The march of technology, however, made clerics realise they were missing a huge opportunity. Thus began the age of religious TV channels. Although limited initially to audio recitations and images of floating clouds and heavens, talking heads followed. Thereafter televised sermons and religious gatherings became popular and today’s clerical screen personalities have millions of devotees. Asked about earlier restrictions, one such megastar replied in a complicated way that Islam prohibits drawings and photos but not videos.
Such adaptive changes are not unique to Islam or Pakistan. Fundamental transformations of thought and action have happened everywhere. Take slavery. From the 15th century onwards, European colonialists stole manpower for developing Europe by depopulating Africa. But slavery began phasing out after the European Enlightenment. The British Empire formally outlawed it in 1833. For the United States to follow suit took a civil war and an additional 32 years.
Banning slavery from Muslim countries took much longer. Since the Quran discourages but does not forbid slavery, for nearly 13 centuries the possession of slaves was not condemned as sinful or illegal by any religious authority.
In 1909, anti-slavery Young Turks, inspired by the Westernised Kemal Ataturk, forced Sultan Abdul Hamid II to free his personal slaves. Ataturk dismissed the last Ottoman caliph in 1924 and so ended slavery. Turkey formally ratified the 1926 League of Nations convention abolishing slavery in 1933. Though Western driven, it was surely a good thing.
Whether good or bad, the changes in the UAE’s laws are also Western driven. How the country’s authorities will explain them to the world and their people remains to be seen. Quite possibly no explanation will be forthcoming since UAE is a sovereign country where ruling dynasties exercise total control. Its people don’t have a voice.

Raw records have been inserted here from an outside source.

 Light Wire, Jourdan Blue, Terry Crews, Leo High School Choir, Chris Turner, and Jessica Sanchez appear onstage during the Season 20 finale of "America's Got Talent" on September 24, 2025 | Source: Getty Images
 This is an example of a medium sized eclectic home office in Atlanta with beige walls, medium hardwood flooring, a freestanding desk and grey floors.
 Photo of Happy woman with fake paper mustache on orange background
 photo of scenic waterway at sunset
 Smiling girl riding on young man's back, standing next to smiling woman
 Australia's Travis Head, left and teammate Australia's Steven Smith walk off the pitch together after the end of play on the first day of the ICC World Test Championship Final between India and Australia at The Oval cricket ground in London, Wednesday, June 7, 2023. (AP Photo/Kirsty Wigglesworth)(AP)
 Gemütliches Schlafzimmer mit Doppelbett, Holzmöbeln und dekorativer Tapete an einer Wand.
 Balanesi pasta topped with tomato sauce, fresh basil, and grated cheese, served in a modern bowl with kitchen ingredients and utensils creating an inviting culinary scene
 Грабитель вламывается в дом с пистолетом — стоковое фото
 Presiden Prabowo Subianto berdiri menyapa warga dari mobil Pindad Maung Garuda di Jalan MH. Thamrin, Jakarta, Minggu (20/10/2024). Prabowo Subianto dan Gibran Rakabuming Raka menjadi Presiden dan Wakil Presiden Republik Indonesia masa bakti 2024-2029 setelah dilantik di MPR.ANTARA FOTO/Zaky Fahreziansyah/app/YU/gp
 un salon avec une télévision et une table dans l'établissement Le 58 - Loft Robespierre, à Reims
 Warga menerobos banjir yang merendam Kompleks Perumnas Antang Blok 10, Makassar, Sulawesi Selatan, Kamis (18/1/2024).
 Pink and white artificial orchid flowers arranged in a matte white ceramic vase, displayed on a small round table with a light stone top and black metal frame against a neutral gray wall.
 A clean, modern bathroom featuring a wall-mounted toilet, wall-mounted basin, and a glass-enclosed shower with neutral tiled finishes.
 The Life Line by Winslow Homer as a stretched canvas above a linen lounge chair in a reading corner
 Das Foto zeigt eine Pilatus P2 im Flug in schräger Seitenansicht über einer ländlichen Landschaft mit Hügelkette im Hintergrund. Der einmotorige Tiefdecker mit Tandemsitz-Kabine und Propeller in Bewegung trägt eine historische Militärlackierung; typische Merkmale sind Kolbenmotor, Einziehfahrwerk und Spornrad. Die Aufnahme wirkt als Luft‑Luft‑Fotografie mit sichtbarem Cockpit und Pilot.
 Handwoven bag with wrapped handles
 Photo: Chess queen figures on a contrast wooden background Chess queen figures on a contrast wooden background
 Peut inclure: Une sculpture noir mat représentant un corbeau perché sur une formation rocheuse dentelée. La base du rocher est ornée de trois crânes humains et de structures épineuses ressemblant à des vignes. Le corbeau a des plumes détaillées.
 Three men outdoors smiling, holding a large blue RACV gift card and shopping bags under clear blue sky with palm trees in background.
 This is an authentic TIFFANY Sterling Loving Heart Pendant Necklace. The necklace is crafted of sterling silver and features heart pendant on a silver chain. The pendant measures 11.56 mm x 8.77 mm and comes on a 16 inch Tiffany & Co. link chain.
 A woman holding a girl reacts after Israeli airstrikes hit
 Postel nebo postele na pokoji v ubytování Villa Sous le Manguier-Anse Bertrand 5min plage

On the other hand, UAE could try to get endorsements for the new dispensation from pliant muftis and shaikh-ul-Islam. This won’t be the first time. Muslim rulers are thoroughly familiar with using friendly clerics for blessing bank interest disguised to avoid its condemnation as riba. The UAE has supported various militant Salafist groups overseas and is said to have considerable control over the authorities of Egypt’s Jamia al-Azhar. This wide outreach could be useful for suppressing possible criticism.
UAE’s rulers could also try a more straightforward explanation. The West thrives and prospers in spite of its evolving values – what was immoral yesterday is now simply the new normal. Until the 1960s, cohabitation was fiercely frowned upon in much of Europe and the US. But religious opposition has since softened and, in fact, most religions are following the trend.
Rulers in the UAE might try arguing that Islam, suitably interpreted, can do so as well. As with child marriage, widow remarriage and polygamy, cohabitation will doubtless lead to furious disputes. But, like it or not, the arrow of time is unidirectional and irreversible.
Pakistan could learn much from recent cultural developments and liberalisation of social values in the rest of the Muslim world – a world which it had once aspired to lead. But now in a state of confusion, and dragged willy-nilly by global forces towards an uncertain future, it prefers to keep its eyes fixed firmly upon the past while praying for old times to return.